- RECORDS FOR PROCESSING -
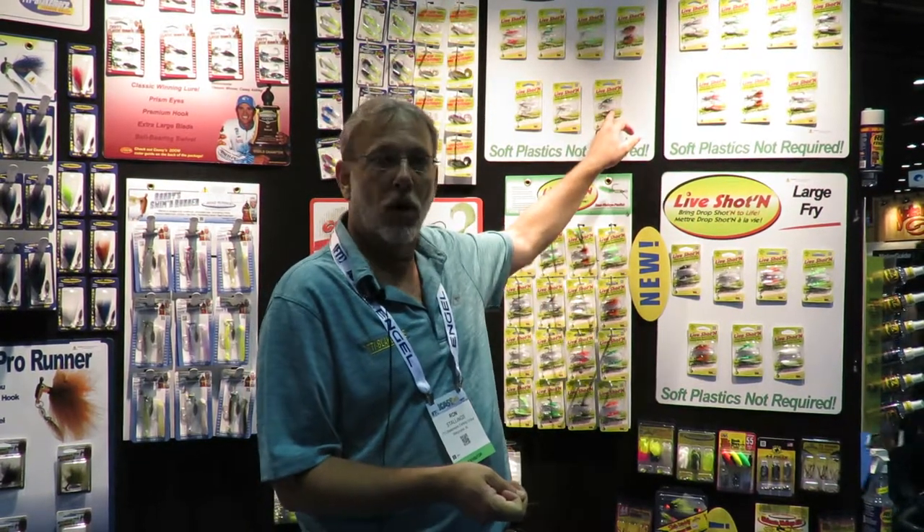So it's called live shotting. There's three different styles that we have. You have the small fry with a size 4 hook, you have the large fry with a size 2 hook, and you have the shiner with a size 1 hook.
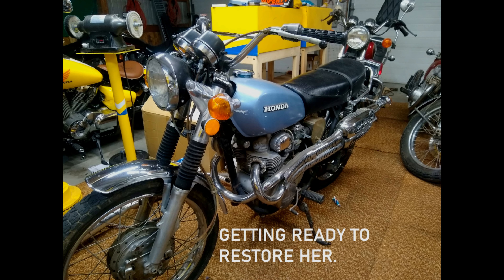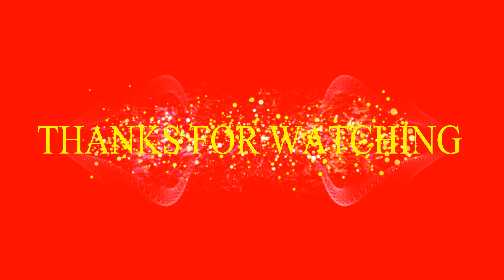I hope you got some good information and were entertained. Here's the last picture Scott sent — he's getting ready to restore another one. Thanks so much for watching.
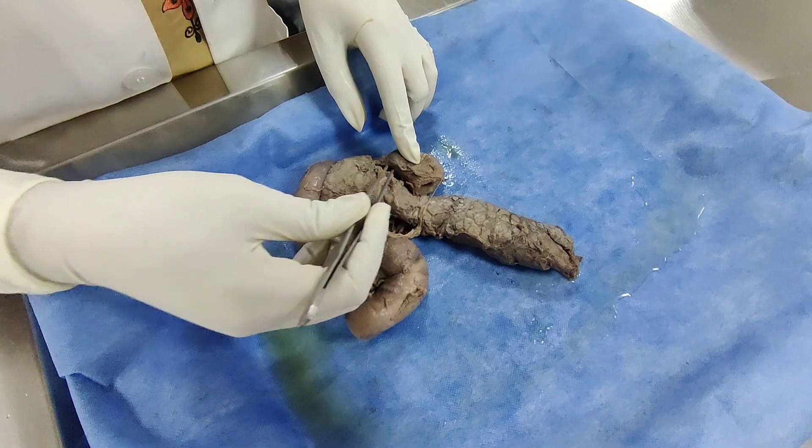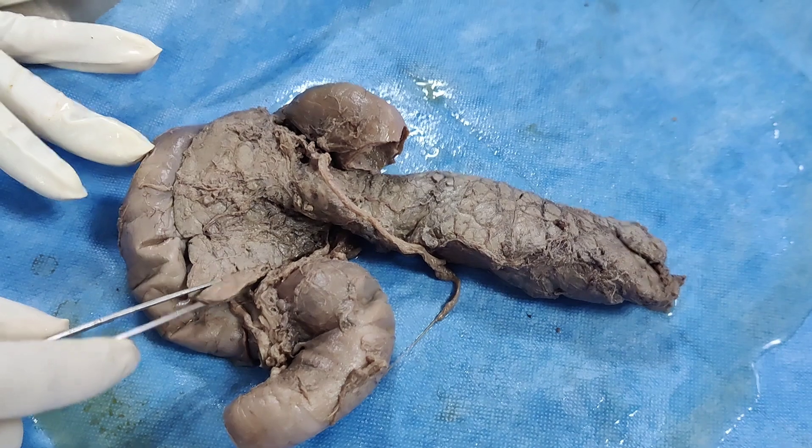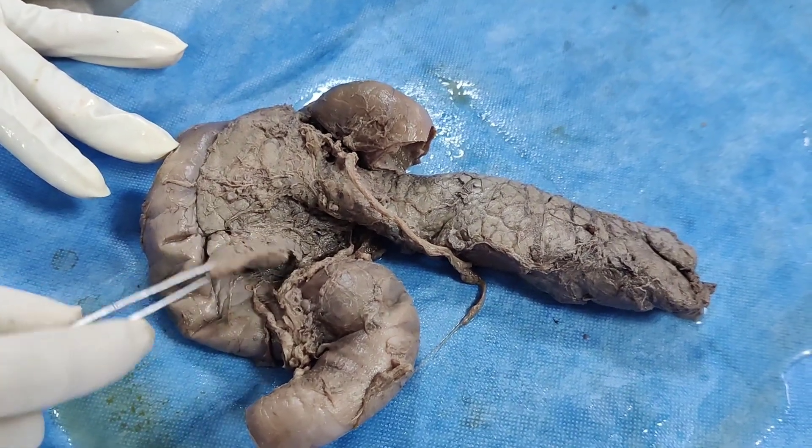This is the head of pancreas. This is the neck. This is the body. And this terminal part is known as the tail. This is the uncinate process of pancreas.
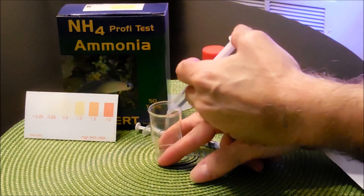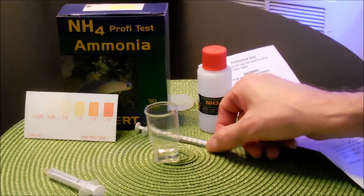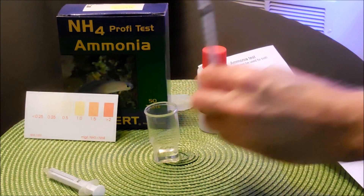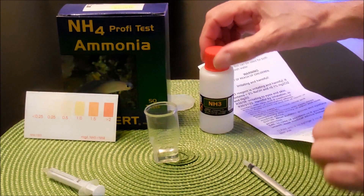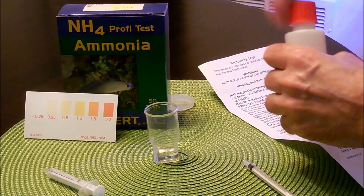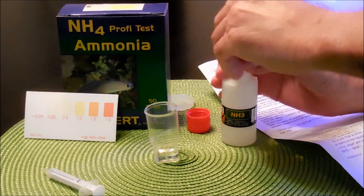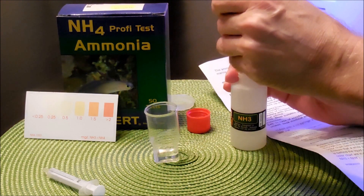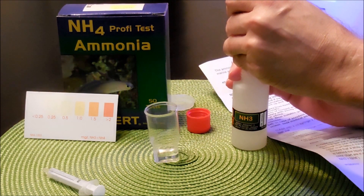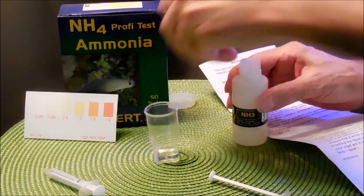Then it says fill the 1 mL syringe, which is this one here, with 1 mL of the NH3 reagent, which is just here. So we're going to go ahead and do that. There we are. Let's close this.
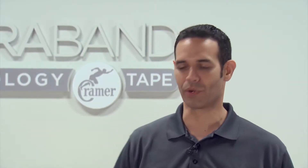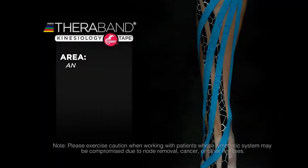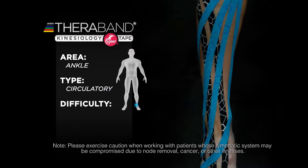Hi, I'm Dr. Greg Dorr, and what we're going to do is an edema reduction application using TheraBand kinesiology tape. We're showing this on the ankle, but this can be done anywhere in the body, anywhere that there's swelling.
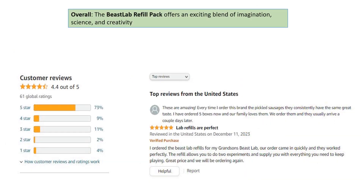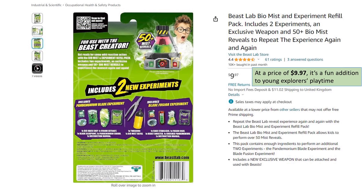Overall, the Beast Lab Refill Pack offers an exciting blend of imagination, science, and creativity. At a price of $9.97, it's a fun addition to young explorers' playtime.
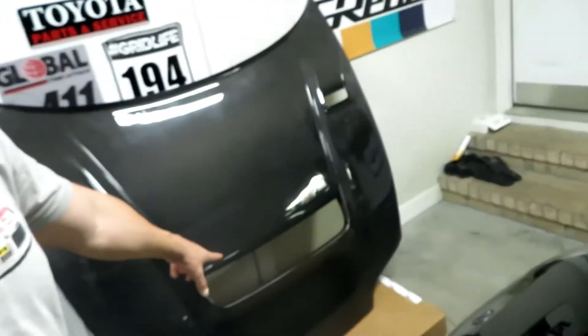Regardless of whether it saves weight or not, I need that big vent right there to let all the hot air out of the engine bay when I'm on track for 20-minute sessions. Supras like to run hot, and getting as much hot air out of there as possible is the goal. So I'm going to go get the scale and we'll see how much they weigh.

- DIRECTIONS -
Up to and including the line with "This is the head", copy the data above from its first line. Skip pictures.

- RESULT OF THIS TASK -
So it's called live shotting. There's three different styles that we have. You have the small fry with a size 4 hook, you have the large fry with a size 2 hook, and you have the shiner with a size 1 hook.
I hope you got some good information and were entertained. Here's the last picture Scott sent — he's getting ready to restore another one. Thanks so much for watching.
This is the head of pancreas. This is the neck. This is the body. And this terminal part is known as the tail. This is the uncinate process of pancreas.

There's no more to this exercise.